The scrapping of a $1.3 billion Defence drones program by the federal government to help pay for a cyber budget boost has been branded a “mess” and a massive blow for the local industry.

It was revealed late last week at a Senate Estimates hearing that the $1.3 billion SkyGuardian program, which would have seen Australia buy 12 armed drones to be used for surveillance, had been quietly shelved, with the leftover money going towards the $9.9 billion, 10-year investment into the Australian Signals Directorate’s cyber capabilities.

This program, dubbed REDSPICE, was announced in last week’s budget, with $588.7 million in new money over the next four years.

Image: U.S. Marine Corps

The drones were described by then-Defence Minister Linda Reynolds as “cutting-edge armed remotely-piloted aircraft systems” when the plan was announced in 2017, and one which would ensure the Defence force “maintains state-of-the-art capability”.

It would have seen Australia acquire these drones for the first time, which would have been more advanced than those used in recent years in Afghanistan. About $10 million had already been spent on the program before its funding was redirected.

The drones plan was an important one and the decision to scrap it is a mistake, according to Australian Strategic Policy Institute senior analyst Dr Malcolm Davis.

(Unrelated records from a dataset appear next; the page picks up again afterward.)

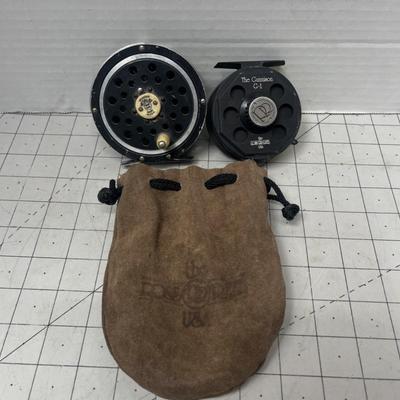 Sale Photo Thumbnail #739: Two vintage fly fishing reels, durable aluminum, made in USA.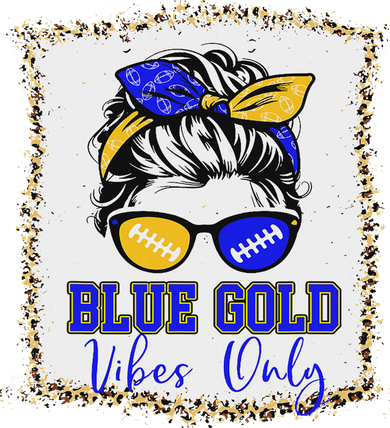 Blue Gold Vibes Only Football Women Leopard Football Coaster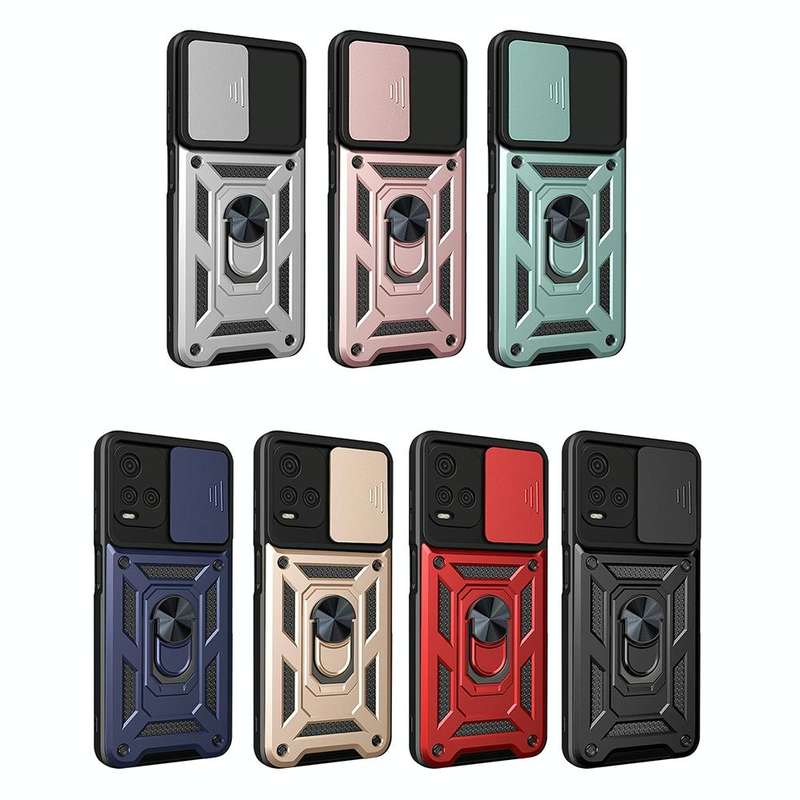 For vivo Y21s Sliding Camera Cover TPU+PC Phone Case(Black)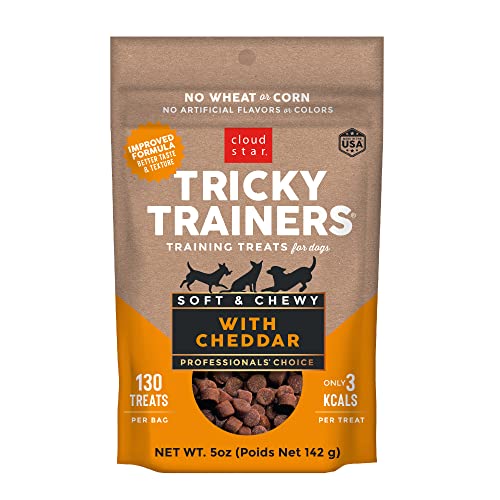 Cloud Star Tricky Trainers Soft & Chewy Dog Training Treats 5 oz Pouch, Cheddar Flavor, Low Calorie Behavior Aid with 130 treats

“It’s a shame that the government has chosen to do this in order to pay for REDSPICE. This has basically taken away a significant capability that I think would have been really useful with nothing in its place. Substantial amounts of money were invested into that project and we’ve got nothing back,” Dr Davis told InnovationAus.com.

“Essentially it’s a classic Defence department government mess. We’ve invested all this time and all this money and we’ve cancelled it without any deep thought about any alternatives. It’s a loss and it’s not well thought through in terms of government policy.

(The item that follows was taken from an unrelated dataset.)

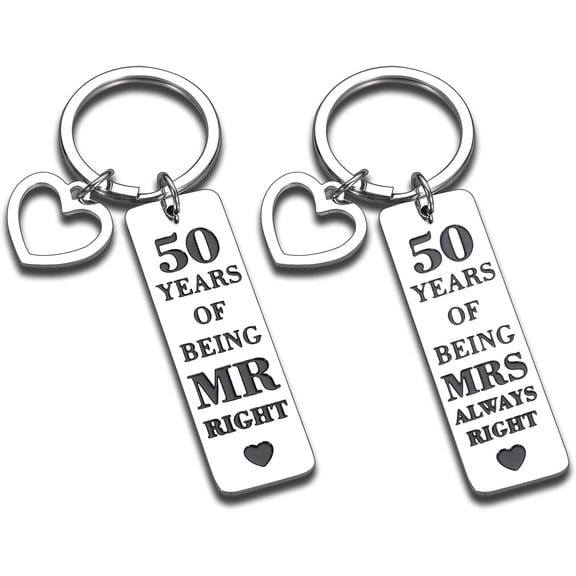 50th Anniversary Giftss, 50th Anniversary for Couple Keychain Anniversary for Men Women 50th Anniversary Decorations 50th Wedding Anniversary Giftss for Wife Husband Couple Christmas Birthday Gifts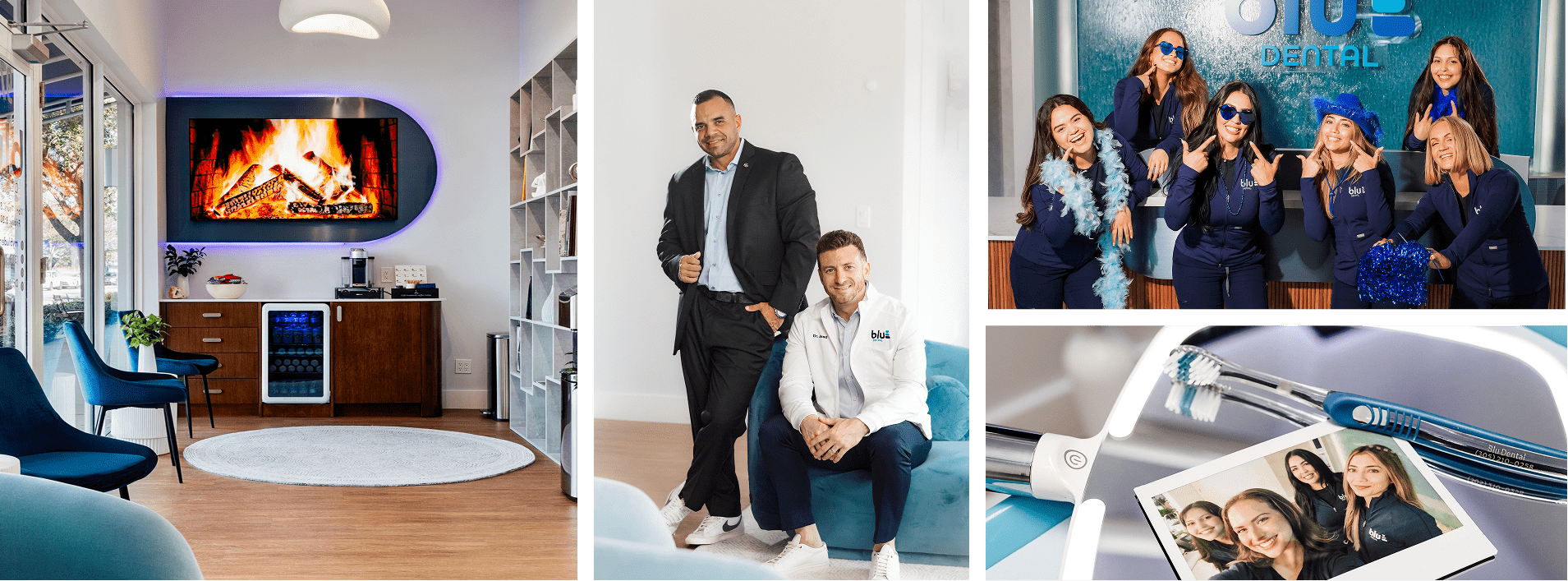 Experience Exceptional Dentistry Care in Miami Shores, FL. Blu Dental collage of a team and dentists photos all smiling and happy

“It’s a short-term perspective, but the government is doing REDSPICE and I suspect they’re doing it on the fly.”

There were also significant local industry opportunities with the SkyGuardian project, Dr Davis said.

“It would have been a new capability and it would have generated sustained work for people to support them and evolve them with new capabilities. That would have all entailed additional work,” he said.

General Atomics had formed a consortium with ten Australian companies to deliver elements of the SkyGuardian project, helping to provide a range of sensors, communication and manufacturing for it.

The company’s president David Alexander said the government’s ditching of the program is “disappointing for a number of reasons”.

The new drones would have offered a “cost-effective, multi-domain capability that is deeply relevant to Australia’s future strategic environment”.

“Equally disappointing, our many Team SkyGuardian Australia partner companies have invested in the start-up and future support for this capability in Australia and will lose considerable sovereign capability opportunities following this decision,” Mr Alexander said.

The Opposition has also slammed the decision, saying that it will “reverberate around the Australian defence industry” and that it “demonstrates this government doesn’t care about Australian manufacturing”.

REDSPICE will see the ASD double in size, and triple its offensive cyber capability.